The vertical component of the acceleration of a sailplane is zero when the air pushes up against its wings with a force of \(3.0 \mathrm{kN}\). (a) Assuming that the only forces on the sailplane are that due to gravity and that due to the air pushing against its wings, what is the gravitational force on the Earth due to the sailplane? (b) If the wing stalls and the upward force decreases to \(2.0 \mathrm{kN}\) what is the acceleration of the sailplane?

Short Answer

Expert verified
Answer: The gravitational force acting on the sailplane is 3000 N. When the upward force decreases to 2000 N (2.0 kN), the acceleration of the sailplane is approximately 3.27 m/s² downward.

Step by step solution

01

Identify the given information and variables

For the first part of the exercise, we are given that the upward force due to air pushing against the sailplane's wings is \(3.0\mathrm{kN}\). We will call this force \(F_{air}\). We need to find the gravitational force, which we will call \(F_g\). For the second part, when the wing stalls, the upward force decreases to \(2.0\mathrm{kN}\). We will call this force \(F'_{air}\). We need to find the acceleration of the sailplane, which we will call \(a'\).
02

Calculate the gravitational force on the sailplane

When the vertical component of the acceleration of the sailplane is zero, the upward force due to air pushing against the wings equals the gravitational force. We can write this as: \(F_{air} = F_{g}\) Now, we can substitute the given value of the air force, \(3.0\mathrm{kN} = F_{g}\) So, the gravitational force on the sailplane is \(F_{g} = 3.0\mathrm{kN}\).
03

Convert the gravitational force to Newtons

Since we are dealing with force in kN and want to find the acceleration in m/s², we should convert the force to Newtons.
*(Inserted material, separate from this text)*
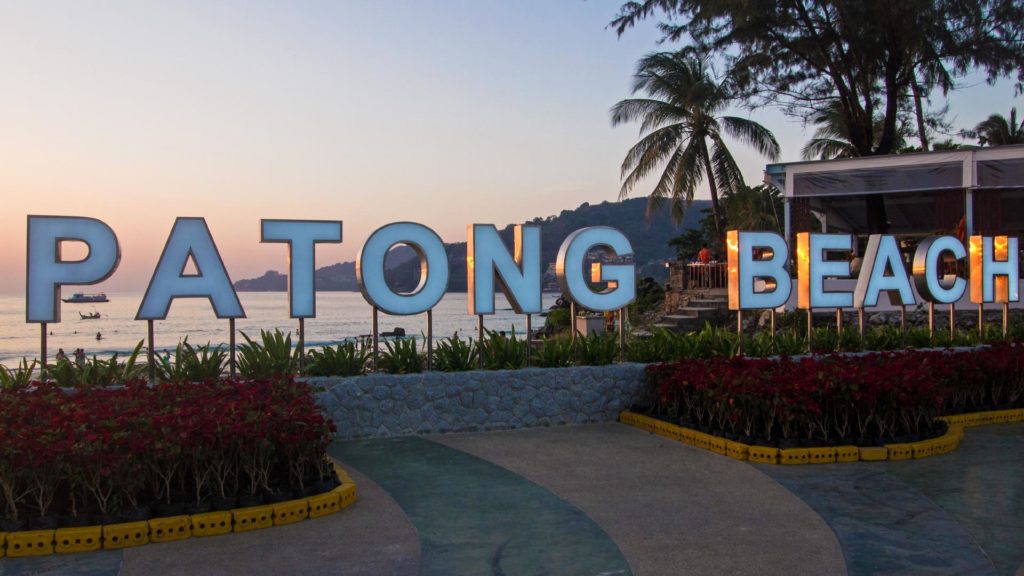 Patong Beach sign at the beach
We can do this by multiplying by 1000. \(F_{g} = 3.0\mathrm{kN} \times 1000 = 3000\mathrm{N}\) So, the gravitational force is \(3000\mathrm{N}\).
04

Calculate the mass of the sailplane

We can find the mass of the sailplane using the gravitational force and the acceleration due to gravity, \(g = 9.81\mathrm{m/s^2}\). We can use the formula: \(F_{g} = m \times g\) Substituting the values, we get, \(3000\mathrm{N} = m \times 9.81\mathrm{m/s^2}\) Now, solve for the mass, \(m\): \(m = \frac{3000\mathrm{N}}{9.81\mathrm{m/s^2}}= 306.01\mathrm{kg}\) So, the mass of the sailplane is approximately \(306.01\mathrm{kg}\).
05

Calculate the net force on the sailplane when the wing stalls

When the wing stalls, the upward force decreases to \(2.0\mathrm{kN}\) or \(2000\mathrm{N}\). The net force on the sailplane can then be calculated as the difference between the gravitational force and the new air force: \(F_{net} = F_{g} - F'_{air}\) \(F_{net} = 3000\mathrm{N} - 2000\mathrm{N} = 1000\mathrm{N}\) So, the net force on the sailplane when the wing stalls is \(1000\mathrm{N}\).
06

Calculate the acceleration of the sailplane when the wing stalls

Now, we can find the acceleration of the sailplane, \(a'\), using Newton's second law of motion: \(F_{net} = m \times a'\) Substituting the values, we get, \(1000\mathrm{N} = 306.01\mathrm{kg} \times a'\) Now, solve for the acceleration, \(a'\): \(a' = \frac{1000\mathrm{N}}{306.01\mathrm{kg}} = 3.27\mathrm{m/s^2}\) So, the acceleration of the sailplane when the wing stalls is approximately \(3.27\mathrm{m/s^2}\) downward.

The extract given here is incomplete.